同オリンパス社員によると「オリンパスが内視鏡に新しく導入したVシステムによって、他社製品を排除しようとしたため」という。Vシステムとは内視鏡先端の鉗子起上台の形状をVの字型に変更しそこに処置具が引っ掛かるようにしたもの。この引っ掛かりによって処置具が短くてすみ、操作が簡単で従来のように助手を必要としなくなった。オリンパスはこの処置具を含めV字の切れ込みも特許を申請している。米国ではボストン・サイエンティフィック社などの処置具が主流だが、これによりこの内視鏡ではオリンパスの処置具しか使えなくなった。

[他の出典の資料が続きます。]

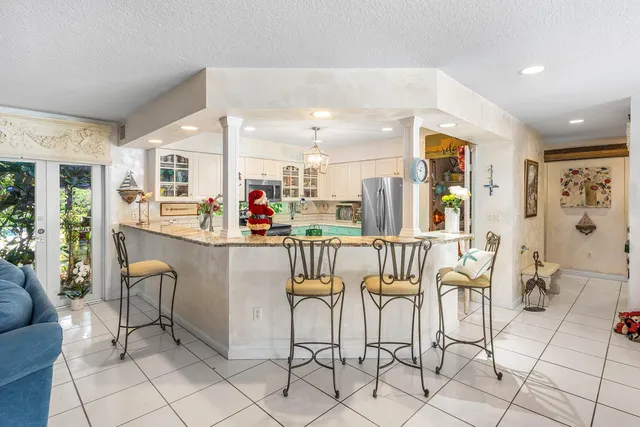 a bedroom with a bed a flat screen tv and dresser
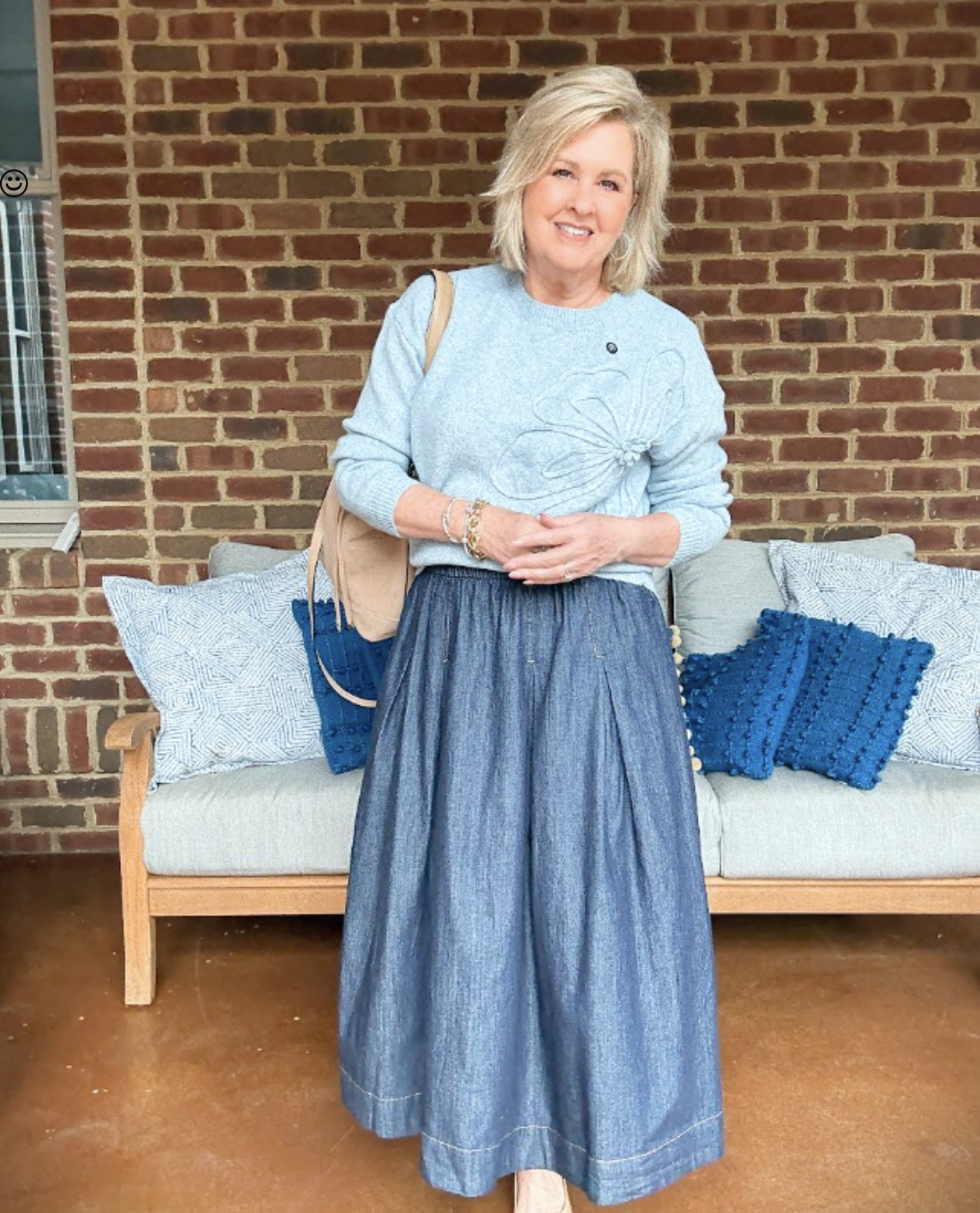 Tania Stephens showing a floral sweater shirt with a denim skirt from Walmart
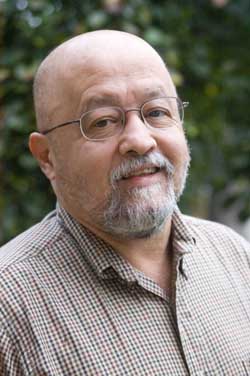 balding male with wire-rimmed glasses, a brown checkered shirt, smiling at the camera.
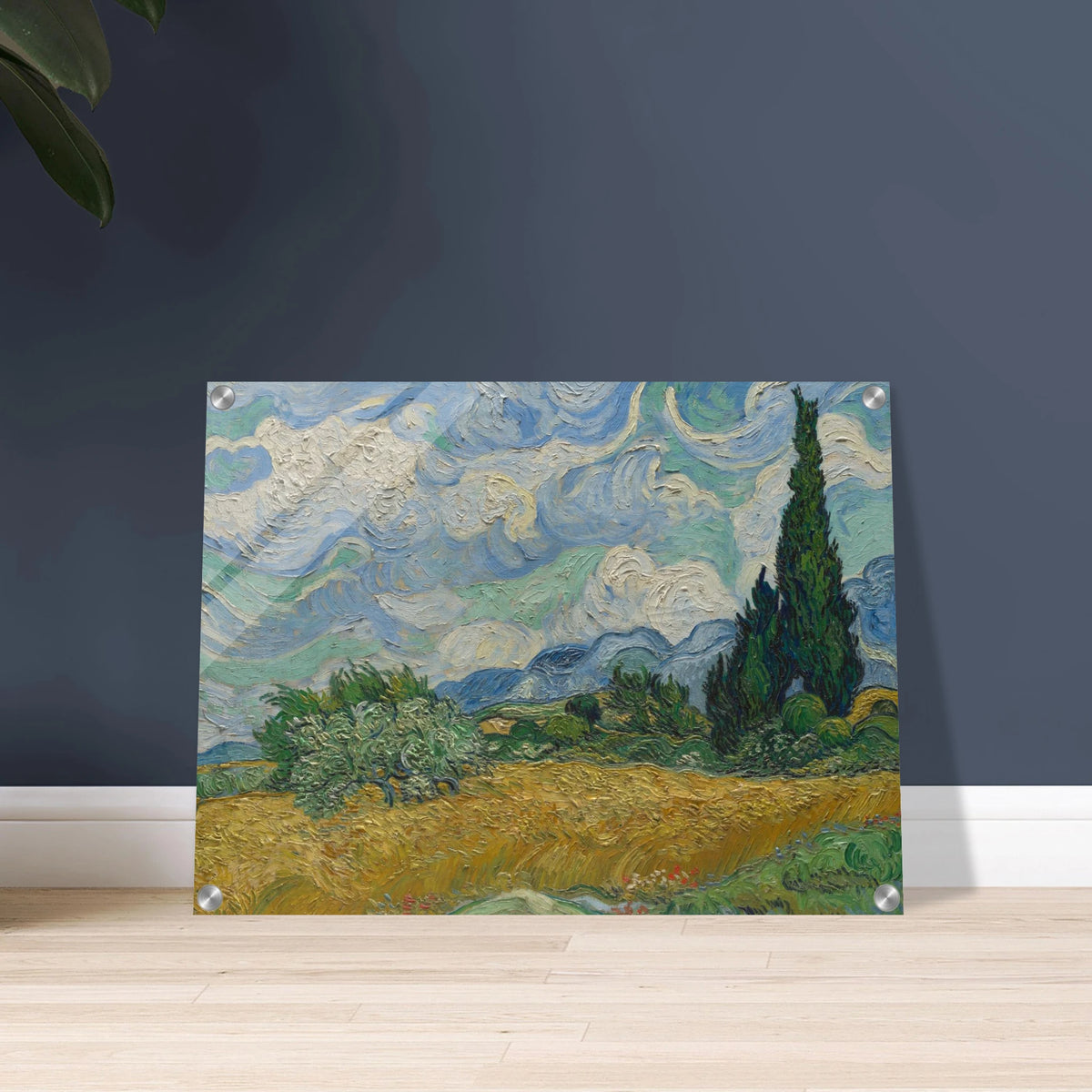 Golden wheat field and dark cypress trees beneath swirling blue-and-white clouds in a vivid Provençal landscape.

ボストンは、オリンパスが損失隠しのために外国企業を買収しようとした際、英ジャイラスよりも先に買収を検討した優良企業だが、買収のコスト負担が大き過ぎて断念した経緯がある。設計の変更によって、処置具の需要を自社で囲い込もうとして起こしてしまったのが今回の集団感染なのだ。

今回の問題で集団訴訟が起きる公算が高まっているうえ、米国の捜査当局は今なお損失隠し事件の捜査を継続している。さらにオリンパスの米国子会社が反キックバック法や虚偽請求取締法に基づく米司法省の調査を受けており、一体どれだけの罰金を科されるのか見当もつかない。業績が急回復し、財務内容も大きく改善していながら復配を打ち出せないのは、こうした懸念が去らないためだろう。

オリンパスの内視鏡は昨年夏にも全世界で3万台もの改修・回収を余儀なくされたばかりでもある。内視鏡の品質に疑問府がついたところに今回のスーパー耐性菌問題により安全性も疑われることになり、オリンパスにとって大きな打撃のはずだ。6月の株主総会で厳しい質問が出るのは間違いない。スーパー耐性菌問題は患者だけでなくオリンパス自身をも死に至らしめかねない病なのだ。